Thursday, 16 December, 2004

RSS timestamps are ambiguous

I've slowly been working on the RSS article categorization program that I outlined back in August. In the process, I've come to the conclusion that a standard timestamp as expressed in most programming languages (which is just a date and time) isn't enough information to store about an article because it doesn't provide any context. First, some background.

When you publish an RSS article you can supply the publication date and time. The timestamp is expressed using the RFC822 date/time format, which takes this form:

Thu, 16 Dec 2004 15:50:03 -0600

The "-0600" is the time offset from Universal Coordinated Time (UTC)--what used to be called Greenwich Mean Time (GMT).   The offset is the difference between UTC and the local time, expressed in hours and minutes. Thus, -0600 means that the time here is six hours and zero minutes earlier than UTC. So UTC is 21:50, or 10 minutes to 10 in the evening. Every RSS program that I've seen strips the offset information after possibly converting the date/time. That leaves you with at least four possible interpretations of the timestamp that the RSS aggregator displays. The timestamp can represent:

  1. The local time where the article was published;
  2. The time at your location;
  3. The UTC time;
  4. The local time at the location where the article was read and processed (assuming a Web service is processing the articles).

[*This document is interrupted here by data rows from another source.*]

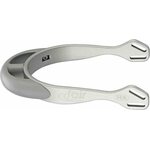 Sprenger Fair Rider Thick and Rounded kannukset Alumiini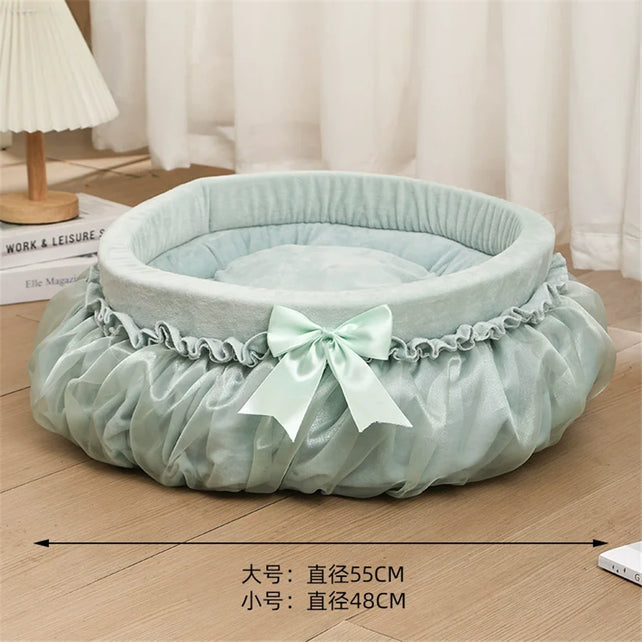 2025 Fashion Pets Bed For Puppies Very Soft Dog Beds Suitable For All Size Pet House Bed Mat Cat Sofa Pet Supplies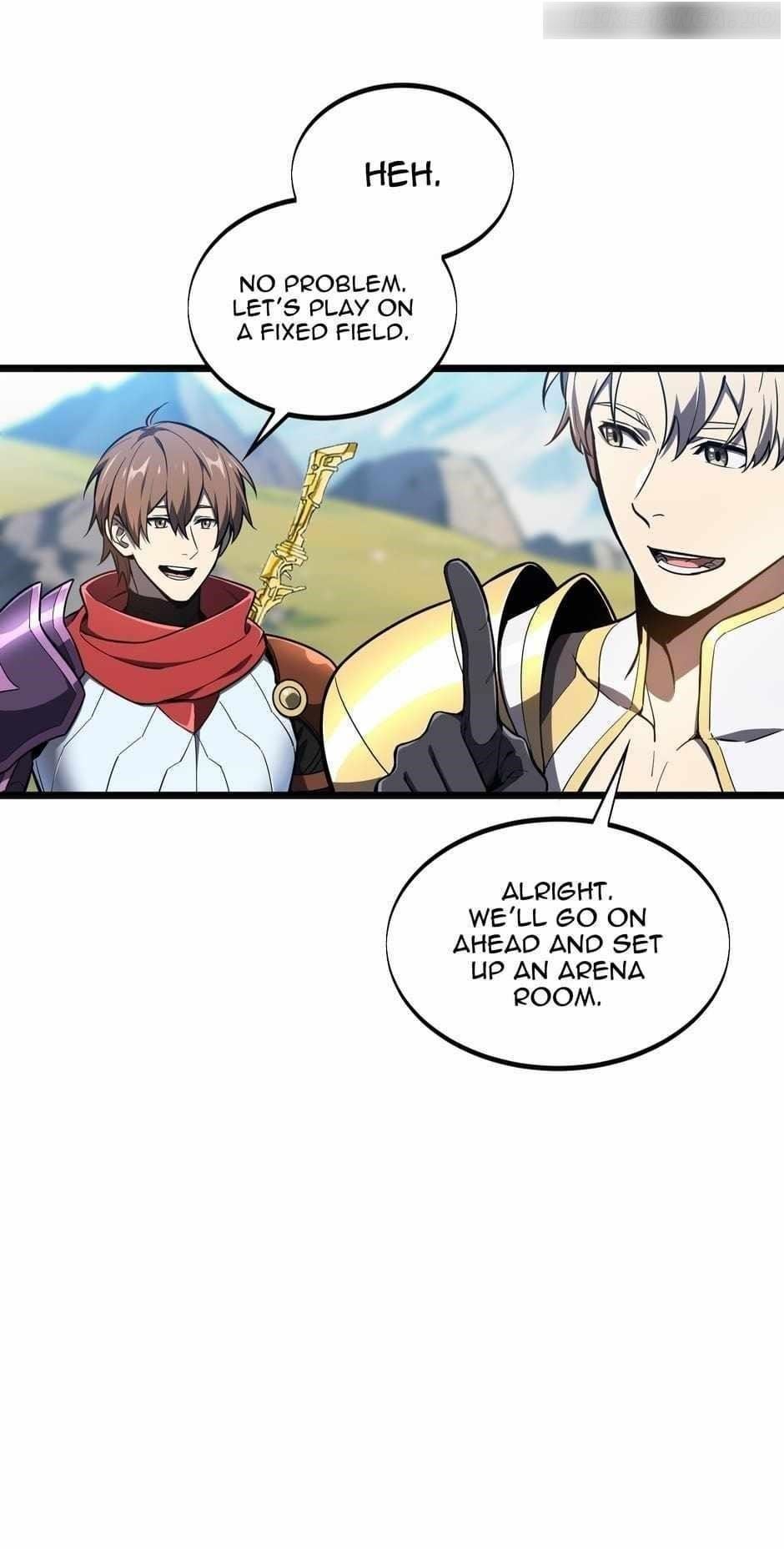 The King’s Avatar Chapter 143 - Page 20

To make matters worse, RSS aggregators often won't tell you which of these interpretations is being used.

If we're going to use simple timestamps that don't contain timezone information, then all times should be reported as UTC. This will become increasingly important as more people use RSS and similar tools to communicate. If everybody would standardize on UTC and explicitly state that times are expressed in UTC, there would be no confusion as to when things were posted.

Even if we standardize on UTC, a simple timestamp doesn't provide enough contextual information. Sometimes you want to know all three relevant times: what time it was for the author when he published the entry (assuming that it's close to the time he wrote it), what time it was for you, and the UTC time. Did the author write his entry in the middle of the day? At the end of a late night hacking session? What were you doing when he wrote the article? The UTC time, of course, is the absolute time used to order the article.

RSS aggregators could supply all three of these times quite easily by storing the offset information (the "-0600" value in the example above) along with the date and time that they normally store. If the timestamp is stored in UTC, then adding the offset will return the local publish time, and converting the UTC time to your time zone (something you can do in any modern programming language) will return the time at your location. That technique also has the benefit of being able to convert to your localtion wherever you are at the moment, something that becomes increasingly important as RSS aggregators begin to appear on mobile devices.

To all publishers of RSS information: please include the offset with the timestamp when you publish your articles.

To all authors of RSS aggregators: please store times in UTC, store the offset, and give me the ability to see all three of the relevant times.